1. Field of the Invention
The present invention relates to a semiconductor device including an LDMOSFET (Lateral Double Diffused Metal Oxide Semiconductor Field Effect Transistor).
2. Description of Related Art
Among semiconductor devices including an LDMOSFET, there is a configuration employing a thick film SOI (Silicon On Insulator) substrate as a base to increase withstand voltage of the LDMOSFET.
FIG. 6 is a schematic sectional view of a semiconductor device including an LDMOSFET of high withstand voltage.
A thick film SOI substrate 102 forming a base of the semiconductor device 101 has a structure where an SOI layer 105 made of Si (silicon) is laminated on a silicon substrate 103 via a BOX (buried oxide) layer 104 made of SiO2 (silicon dioxide).
An annular deep trench 106 is formed by digging in from a top surface of the SOI layer 105. A deepest portion of the deep trench 106 reaches the BOX layer 104. An interior of the deep trench 106 is completely filled with a polysilicon 108 via a silicon oxide film 107. A region surrounded by the deep trench 106 is thereby made an element forming region that is insulatingly separated (dielectrically separated) from its surroundings.
An LDMOSFET is formed in the element forming region. Specifically, in the element forming region, a P-type body region 109 is formed along a side surface of the deep trench 106 in the SOI layer 105. A region 110 besides the body region 109 in the element forming region is an N−-type (low concentration N-type) drift region. An N+-type (high concentration N-type) source region 111 and a P+-type (high concentration P-type) body contact region 112 are formed adjacent to each other on a top layer portion of the body region 109. An N+-type drain region 113 is formed in a top layer portion of the drift region 110.
On a top surface of the drift region 110, a LOCOS oxide film 114 is formed between the body region 109 and the drain region 113. On the top surface of the SOI layer 105, a gate oxide film 115 is formed between the source region 111 and the LOCOS oxide film 114. A gate electrode 116 is formed on the gate oxide film 115.
With this structure, a high positive voltage applied to the drain region 113 (drain voltage) can be apportioned between a depletion layer formed in the drift region 110 and the BOX layer 104 to increase the withstand voltage of the LDMOSFET.

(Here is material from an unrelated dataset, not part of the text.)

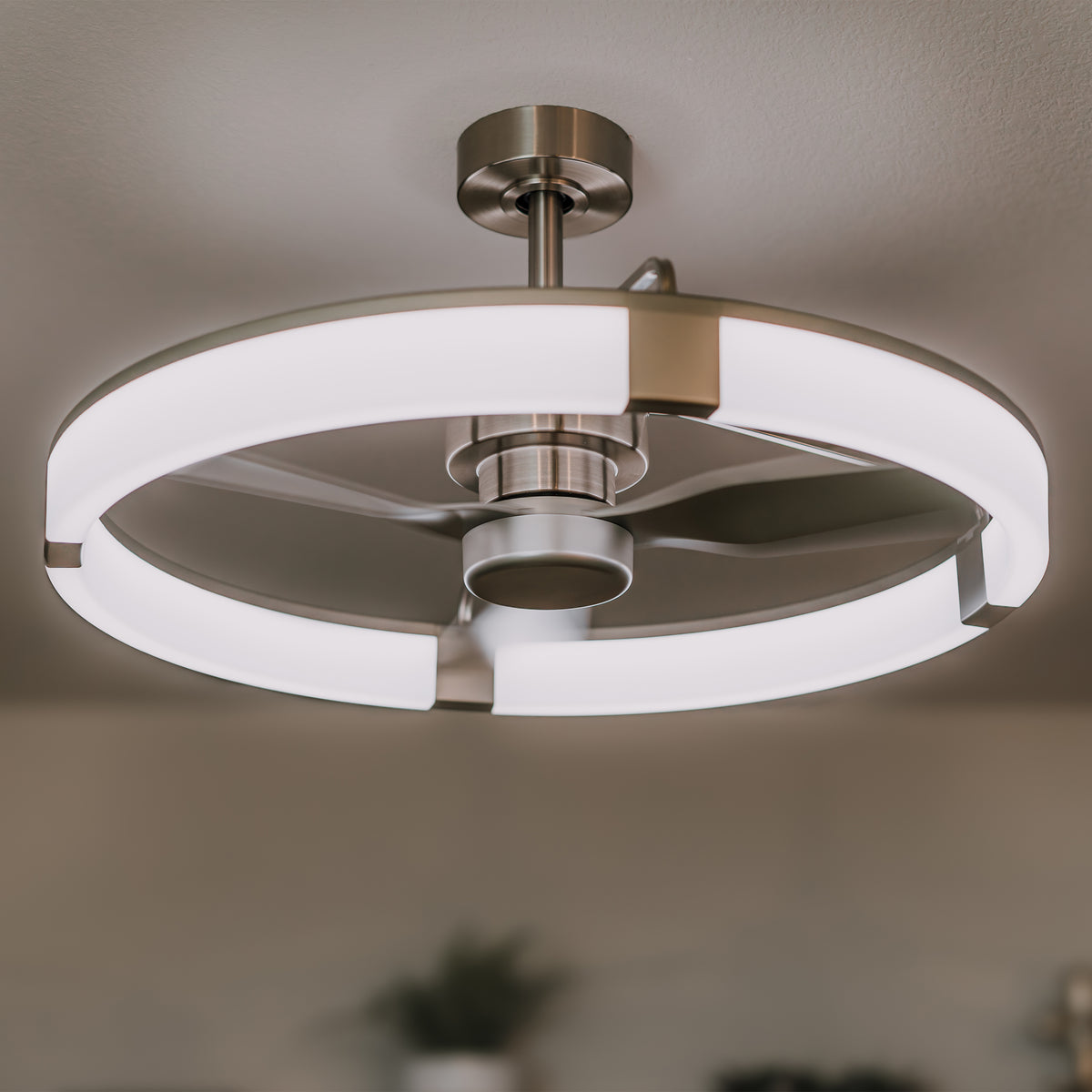 Sunnyvale 28 in. LED modern ceiling fan - with remote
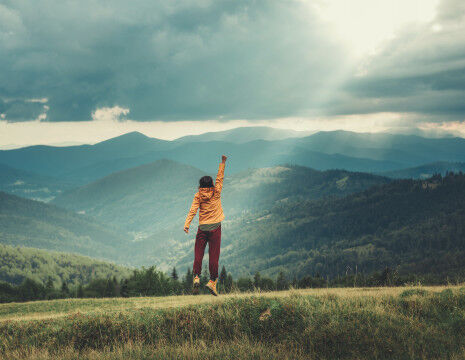 AdobeStock_225103959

To further increase the withstand voltage of the LDMOSFET, an impurity concentration of the drift region 110 can be further decreased. However, if the impurity concentration of the drift region 110 is decreased, the depletion layer extends greatly toward the drain region 113 (a width in a depth direction of the depletion layer increases) and a depletion layer capacitance decreases. Because the drain voltage apportioned to the BOX layer 104 consequently decreases, the SOI layer 105 (drift region 110) must be made large in layer thickness to maintain the withstand voltage. For example, in a case where the layer thickness of the BOX layer 104 is 1.5 μm and the N-type impurity concentration of the drift region 110 is 3.5×1014/cm3, the SOI layer 105 must be made no less than 40 μm in thickness to obtain a withstand voltage of 600V. When the layer thickness of the SOI layer 105 is large, it is difficult to form the deep trench 106 and the semiconductor device takes trouble and time to manufacture.
The layer thickness of the BOX layer 104 may be increased to increase the drain voltage apportioned to the BOX layer 104, suppress the spread of the depletion layer in the drift region 110, and thereby avoid increasing the layer thickness of the SOI layer 105. However, a thick film SOI substrate 102 having a BOX layer 104 with a layer thickness of no less than 4 μm cannot be manufactured by current arts. Thus, even when the layer thickness of the BOX layer 104 is set to 4 μm to obtain a withstand voltage of 600V when the N-type impurity concentration of the drift region 110 is 3.5×1014/cm3, the SOI layer 105 cannot be made 40 μm or less in layer thickness.